# Anybody in San Jose, CA? Little guy in animal control



## mss (Mar 1, 2006)

This little guy is listed as a Miniature poodle-Maltese mix. I haven't seen him in person, but in the photo he looks more Maltese to me. They say he's already neutered. 

I think he was just moved to their adoptable list. I don't know how things are in San Jose, but I hope he'll get adopted or rescued soon. I don't think I can manage another male in my home or I might hit the road. 
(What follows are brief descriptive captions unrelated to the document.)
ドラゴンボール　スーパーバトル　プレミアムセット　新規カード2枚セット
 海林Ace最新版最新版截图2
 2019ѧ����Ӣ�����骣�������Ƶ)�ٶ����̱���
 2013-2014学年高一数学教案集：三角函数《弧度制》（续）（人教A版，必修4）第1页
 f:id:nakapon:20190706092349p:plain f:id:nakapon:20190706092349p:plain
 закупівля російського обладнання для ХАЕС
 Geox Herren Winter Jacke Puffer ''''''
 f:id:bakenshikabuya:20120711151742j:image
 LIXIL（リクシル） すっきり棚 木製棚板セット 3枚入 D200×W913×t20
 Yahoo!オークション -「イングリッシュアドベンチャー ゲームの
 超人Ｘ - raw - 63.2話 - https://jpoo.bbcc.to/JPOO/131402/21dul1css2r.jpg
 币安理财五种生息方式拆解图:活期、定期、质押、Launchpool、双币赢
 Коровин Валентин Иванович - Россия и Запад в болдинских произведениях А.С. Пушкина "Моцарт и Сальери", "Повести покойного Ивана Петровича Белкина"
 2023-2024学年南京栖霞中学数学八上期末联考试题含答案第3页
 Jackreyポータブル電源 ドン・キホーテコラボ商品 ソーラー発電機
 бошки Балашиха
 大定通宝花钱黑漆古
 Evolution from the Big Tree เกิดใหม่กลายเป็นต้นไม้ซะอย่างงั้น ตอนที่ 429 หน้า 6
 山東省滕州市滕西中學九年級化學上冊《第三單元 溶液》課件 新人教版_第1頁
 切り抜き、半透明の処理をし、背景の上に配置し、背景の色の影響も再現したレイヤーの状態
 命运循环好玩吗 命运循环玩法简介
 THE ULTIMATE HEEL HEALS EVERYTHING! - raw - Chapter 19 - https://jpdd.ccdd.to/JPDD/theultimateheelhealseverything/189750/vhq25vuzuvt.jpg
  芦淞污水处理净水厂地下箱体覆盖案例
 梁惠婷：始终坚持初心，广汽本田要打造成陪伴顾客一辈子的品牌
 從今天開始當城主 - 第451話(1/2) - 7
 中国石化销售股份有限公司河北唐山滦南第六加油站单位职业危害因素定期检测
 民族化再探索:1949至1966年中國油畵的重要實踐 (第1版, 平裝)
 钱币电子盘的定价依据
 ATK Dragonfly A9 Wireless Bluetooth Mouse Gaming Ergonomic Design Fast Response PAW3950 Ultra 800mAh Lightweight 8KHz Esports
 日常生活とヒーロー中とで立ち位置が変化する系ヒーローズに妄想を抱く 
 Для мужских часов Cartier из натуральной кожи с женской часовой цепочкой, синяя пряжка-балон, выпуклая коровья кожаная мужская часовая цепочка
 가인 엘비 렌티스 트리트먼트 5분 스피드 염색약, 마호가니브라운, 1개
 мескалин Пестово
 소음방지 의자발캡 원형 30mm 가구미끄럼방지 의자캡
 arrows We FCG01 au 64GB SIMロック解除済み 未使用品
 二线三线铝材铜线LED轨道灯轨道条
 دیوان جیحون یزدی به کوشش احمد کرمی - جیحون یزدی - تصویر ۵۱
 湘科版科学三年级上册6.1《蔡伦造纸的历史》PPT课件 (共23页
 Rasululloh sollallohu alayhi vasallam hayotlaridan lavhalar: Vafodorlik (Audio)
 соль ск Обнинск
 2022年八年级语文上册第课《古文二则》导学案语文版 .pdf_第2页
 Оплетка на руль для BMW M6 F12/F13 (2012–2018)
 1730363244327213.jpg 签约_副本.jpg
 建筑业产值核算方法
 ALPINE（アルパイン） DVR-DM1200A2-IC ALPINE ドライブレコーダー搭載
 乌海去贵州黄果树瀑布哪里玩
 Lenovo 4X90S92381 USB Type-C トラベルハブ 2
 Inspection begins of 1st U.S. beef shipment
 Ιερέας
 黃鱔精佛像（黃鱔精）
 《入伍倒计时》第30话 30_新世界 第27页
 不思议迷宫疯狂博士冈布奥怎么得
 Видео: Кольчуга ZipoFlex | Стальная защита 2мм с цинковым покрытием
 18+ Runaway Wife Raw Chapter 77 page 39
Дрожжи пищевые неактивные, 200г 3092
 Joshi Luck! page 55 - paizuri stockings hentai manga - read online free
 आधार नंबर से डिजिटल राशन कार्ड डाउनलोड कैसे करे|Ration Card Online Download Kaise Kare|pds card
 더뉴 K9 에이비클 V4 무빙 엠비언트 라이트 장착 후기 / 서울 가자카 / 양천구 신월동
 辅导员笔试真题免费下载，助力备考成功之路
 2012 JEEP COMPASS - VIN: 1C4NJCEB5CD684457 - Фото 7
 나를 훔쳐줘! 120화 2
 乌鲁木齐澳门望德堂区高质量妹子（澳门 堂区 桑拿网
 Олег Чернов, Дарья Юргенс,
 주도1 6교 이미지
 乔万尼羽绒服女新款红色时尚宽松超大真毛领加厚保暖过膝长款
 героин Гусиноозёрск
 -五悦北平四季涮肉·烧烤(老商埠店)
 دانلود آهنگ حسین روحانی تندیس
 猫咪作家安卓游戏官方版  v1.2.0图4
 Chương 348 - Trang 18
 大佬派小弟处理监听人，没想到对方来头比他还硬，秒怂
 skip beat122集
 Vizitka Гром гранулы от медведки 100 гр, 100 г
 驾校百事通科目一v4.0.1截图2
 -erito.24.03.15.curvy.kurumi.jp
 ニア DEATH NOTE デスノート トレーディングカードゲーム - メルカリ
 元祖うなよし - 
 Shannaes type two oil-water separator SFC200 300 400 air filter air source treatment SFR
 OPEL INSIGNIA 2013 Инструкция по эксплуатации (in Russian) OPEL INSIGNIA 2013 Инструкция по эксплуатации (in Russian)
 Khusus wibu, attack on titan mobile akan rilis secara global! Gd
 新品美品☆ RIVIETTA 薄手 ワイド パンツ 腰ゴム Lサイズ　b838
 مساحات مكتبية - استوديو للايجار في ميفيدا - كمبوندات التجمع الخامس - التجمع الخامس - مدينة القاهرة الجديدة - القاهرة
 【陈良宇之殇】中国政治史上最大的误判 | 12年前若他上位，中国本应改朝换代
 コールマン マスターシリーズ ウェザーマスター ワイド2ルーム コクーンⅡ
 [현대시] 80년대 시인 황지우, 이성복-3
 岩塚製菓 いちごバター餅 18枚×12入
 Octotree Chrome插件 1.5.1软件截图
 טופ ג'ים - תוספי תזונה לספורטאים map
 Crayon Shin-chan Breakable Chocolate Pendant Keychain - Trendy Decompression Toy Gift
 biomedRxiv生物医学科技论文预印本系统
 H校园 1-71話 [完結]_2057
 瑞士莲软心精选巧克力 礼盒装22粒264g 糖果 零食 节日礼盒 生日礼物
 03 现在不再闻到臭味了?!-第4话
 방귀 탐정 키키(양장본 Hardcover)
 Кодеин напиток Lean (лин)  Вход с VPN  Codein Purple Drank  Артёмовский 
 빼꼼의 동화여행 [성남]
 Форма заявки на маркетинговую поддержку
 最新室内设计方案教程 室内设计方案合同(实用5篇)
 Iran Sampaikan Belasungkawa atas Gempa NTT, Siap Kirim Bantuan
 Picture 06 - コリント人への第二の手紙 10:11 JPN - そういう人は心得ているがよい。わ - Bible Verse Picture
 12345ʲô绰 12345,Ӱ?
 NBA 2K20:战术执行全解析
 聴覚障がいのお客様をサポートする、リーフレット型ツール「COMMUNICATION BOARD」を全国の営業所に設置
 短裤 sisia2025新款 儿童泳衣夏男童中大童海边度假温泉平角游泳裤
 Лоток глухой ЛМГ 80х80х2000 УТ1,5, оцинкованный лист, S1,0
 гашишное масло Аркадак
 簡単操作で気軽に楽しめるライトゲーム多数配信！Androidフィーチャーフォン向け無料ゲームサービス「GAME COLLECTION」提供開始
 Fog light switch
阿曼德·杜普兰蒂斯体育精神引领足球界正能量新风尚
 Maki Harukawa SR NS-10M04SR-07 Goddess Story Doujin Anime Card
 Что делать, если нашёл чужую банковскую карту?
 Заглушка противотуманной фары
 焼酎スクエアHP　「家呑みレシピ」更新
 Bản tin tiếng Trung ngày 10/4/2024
www.PetHarbor.com pet:SNJS.A726313


----------



## plenty pets 20 (Jul 8, 2006)

I bet he is gone in a day or two. No.California doesnt have the amount of Maltese available for adoption like So. Cal.. Just keep a check on him and see. Thanks, Edie


----------



## cometgrrl (Dec 31, 2010)

I'm in the area, but we just don't have room for any more pets right now. I'll send the link to my co-workers, see if anyone else is interested, he looks cute!


----------



## mss (Mar 1, 2006)

I do believe you were right, Edie. He's no longer listed.


----------



## plenty pets 20 (Jul 8, 2006)

I hope it was a good home and wish it was so fast for so many of then in the So. Calif. area, that we cant get to. 
Thanks for checking. Hugs,Edie


----------



## mss (Mar 1, 2006)

Well, now he has been posted again, on the petharbor.com and the city's website and also posted again on petfinder.com There's a new and better-quality picture. He sure is cute. A lot of tan on his ears.


----------